Cybersecurity in 2025 – 8,000 Updates a Week and 33 Days of Downtime
Ian Stuart, head of the British division of HSBC, admitted that the threat of cyberattacks is so severe it keeps him awake at night. He stated that cybersecurity is now the top priority, and protecting against vulnerabilities costs the banking sector enormous sums. He emphasized that attacks are constant, and the problem is no longer hypothetical.
Along with other bank executives, Stuart spoke before the UK Treasury Committee, which is analyzing the financial sector's vulnerability to disruptions and cyberattacks.

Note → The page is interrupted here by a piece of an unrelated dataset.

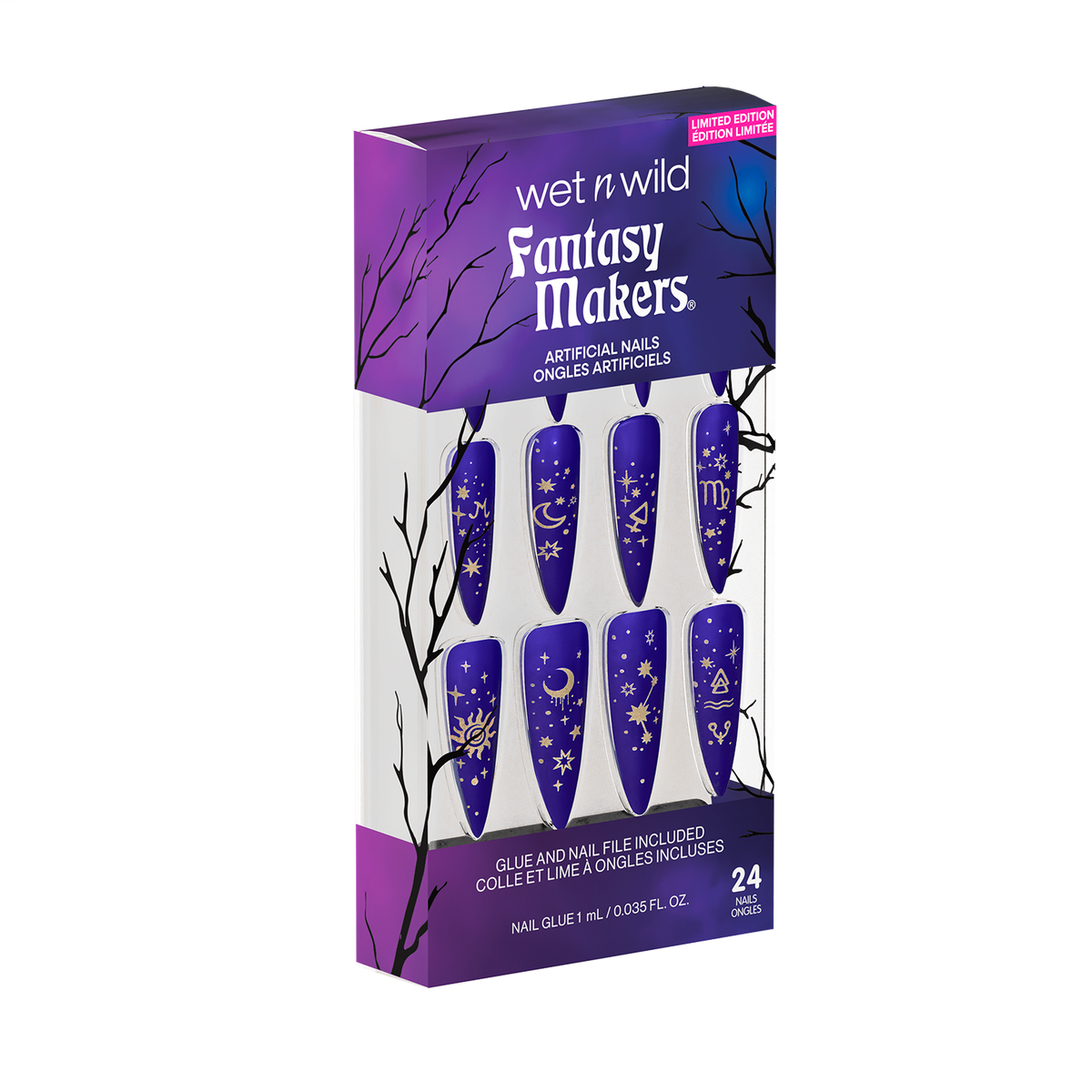 UÑAS POSTIZAS ITS A SIGN FANTASY MAKERS - WET N WILD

The discussion gained urgency after it was revealed that over the past two years, nine of the UK’s largest banks and building societies experienced at least 803 hours of technological outages—equivalent to over 33 days of continuous downtime.
The situation has been further exacerbated by recent attacks on retailers. Disruptions at Co-op and Marks & Spencer* were the result of targeted cyberattacks, confirming that threats now extend far beyond the financial sector. Cybersecurity expert Lisa Forte from Red Goat noted that Stuart’s remarks highlight a critical turning point—attacks are not just more frequent but also more effective and aggressive. She stressed that the focus is no longer on the possibility of an attack but its inevitability.

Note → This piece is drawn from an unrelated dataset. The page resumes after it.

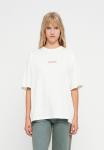 Футболка Pegador YELENE HEAVY OVERSIZED TEE, Washed Warm White/Off-White - фото 3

In response to the growing threats, HSBC is investing hundreds of millions of pounds in IT infrastructure upgrades. Stuart pointed out that the bank processes up to a thousand payment transactions per second and implements around 8,000 technical updates weekly. He stressed that without robust security measures, such systems simply cannot function.
Professor Ollie Buckley from Loughborough University also believes the banking sector faces "relentless" pressure from increasingly sophisticated attacks. He warned that attacks on financial institutions threaten not only customer data but also trust in the entire financial system. Breaches or errors can trigger chain reactions affecting markets, corporate reputations, and user confidence.
According to the data presented, between January 2023 and February 2025, eight banks—including Barclays, Lloyds, Nationwide, Santander, NatWest, Danske Bank, Bank of Ireland, and Allied Irish Bank—reported 158 incidents related to technological failures.
A particular focus for lawmakers was a Barclays outage in January, when a major online banking failure coincided with payday for many Britons. The issues lasted several days, and the bank may face up to £12.5 million in compensation payouts. Barclays UK CEO Vim Maru apologized, clarifying that the incident was not caused by a cyberattack or malicious activity.
However, the problems didn’t end there—in February, similar disruptions affected over 1.2 million people nationwide, impacting Lloyds, TSB, Nationwide, and HSBC. These events underscore the immense challenges the banking industry faces in the digital age.